Wordle Postgame Report, weekend CATCH up, December 9–11

GAMES OF SKILL AND CHANCE DEP'T.

Wordle Postgame Report, weekend CATCH up, December 9–11
Cushion cover, 1590-1610, British, Linen worked with silk and metal thread, spangles; stem, back, plaited BRAID, knots, and detached buttonhole stitches, H. 8 7/8 x W. 13 3/8 inches (22.5 x 34 cm), Textiles-Embroidered, This small panel was probably intended to decorate a small cushion or pillow; these were used in large numbers in interior decoration of the sixteenth and seventeenth centuries. Larger versions would have softened hard wooden seats; smaller examples were used as decoration on sideboards and dressing tables. (Photo by: Sepia Times/Universal Images Group via Getty Images)

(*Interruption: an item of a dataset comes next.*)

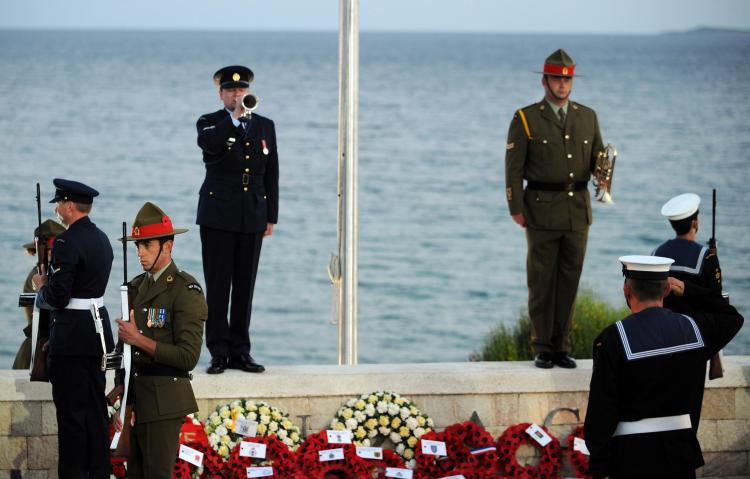 Australian soldiers stand guard as as a bugle is played during a dawn ceremony at Anzac Cove where the first battle was fought in Gallipoli. (Burak Kara/Getty Images)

The Wordle Postgame Report is a brief analysis of a game of Wordle, the five-letter-word guessing game now owned by the New York Times. If you do not play Wordle, Indignity encourages you to please skip this item. The existence of the Wordle Postgame Report does not constitute an endorsement of playing Wordle, not playing Wordle, or of the New York Times.

December 9, BRAID, 4/6

OUT OF RESPECT for the labor negotiations, I was about to play UNITE when I checked and saw it was the Wordle answer almost exactly a month ago, on November 10. Then I was going to play the name of prominent scab Peter BAKER, the spectacularly shallow lead White House reporter whose declared commitment to neutrality on matters of public controversy didn't stop him from siding with management against his colleagues—but BAKER was the answer on November 16. What other prophecies and warnings about this labor impasse are hidden in the trail of Wordle solutions? Is management going to AVERT a full-on strike (November 19) and make everyone HAPPY (November 27)? Or are they going to stick with a TEPID offer (November 28) and see Guild members EJECT themselves from the newsroom (December 1)? Optimistically, I opened the game with RAISE and got yellow on R, A, and I. Back to the negotiating table, with CHAIR. Green A and I, yellow R—two terms locked in, and a map to the third. How much more time would this DRAIN? Yellow D, green R-A-I. BRAID. Individual strands organized into something stronger.

December 10, KNOCK, 5/6

NO FUN OR interest to be had here at all. WREAK planted a green K; FLOCK expanded that to a green -OCK. And there it stalled. STOCK didn't work, but it did eliminate a lot of consonant combinations. With the selection of two-letter groups already so thin, was one of those green letters recycled at the beginning of the word? It couldn't be CLOCK. CHOCK was a cruddy word, but what else was there? QUOCK? I played CHOCK. Nope. What was left? Oh, the K. KNOCK. I felt like disparaging the game and how I'd played it.

December 11, NAIVE, 5/6

THERE ARE WORSE ways to fail than by falling off the bottom of the board. I stared with CREAM, and got a yellow E and A. Time to move them over. TEACH wouldn't work; the C was gone. I tried it with BEAST instead: still yellow. What now, keep them together and slide them again, with EAGLE? It felt too early to double up when all I had was two common vowels. ANGLE: yellow A, yellow N, green E. And then—stuck. Absolutely stuck. By elimination, the A had to go in the second spot. The word was _ A _ _ E. But there were three slots where the N could go, and two other letters to come up with, and no words came to mind. DANCE? Again, no C. CANOE? No C. KANYE? DANKE? I couldn't find my scratch pad, so I got a stray scrap of paper instead and started trying write the possibilities, hoping a familiar word-shape would emerge. Nothing. What if I played DANCE anyway, knowing it was wrong, just for the sake of getting closer to placing the N? What if I played NINNY, to put the N down for sure? DANCE...DANKE...I tried DANKE and Wordle rejected it as ineligible. Apologies to Wayne Newton. To hell with it, DANCE. Green A, yellow N, worthless C. Green E, of course. I was out of time. I closed the computer, took a shower, went out to a recital, came home, ate lunch. Opened the computer again. It was either N A _ _ E or _ A _ N E. I dug deeper into to the piles of papers on my desk and came up with the real scratch pad—no, it was the remains of the used-up pad before that. I dug deeper still and found it, and set up two columns. Sixteen non-words later (-AFNE...-AXNE..NAY-E...) I wrote NAI and finally saw it. Pathetic. It was as if I'd never played the game before.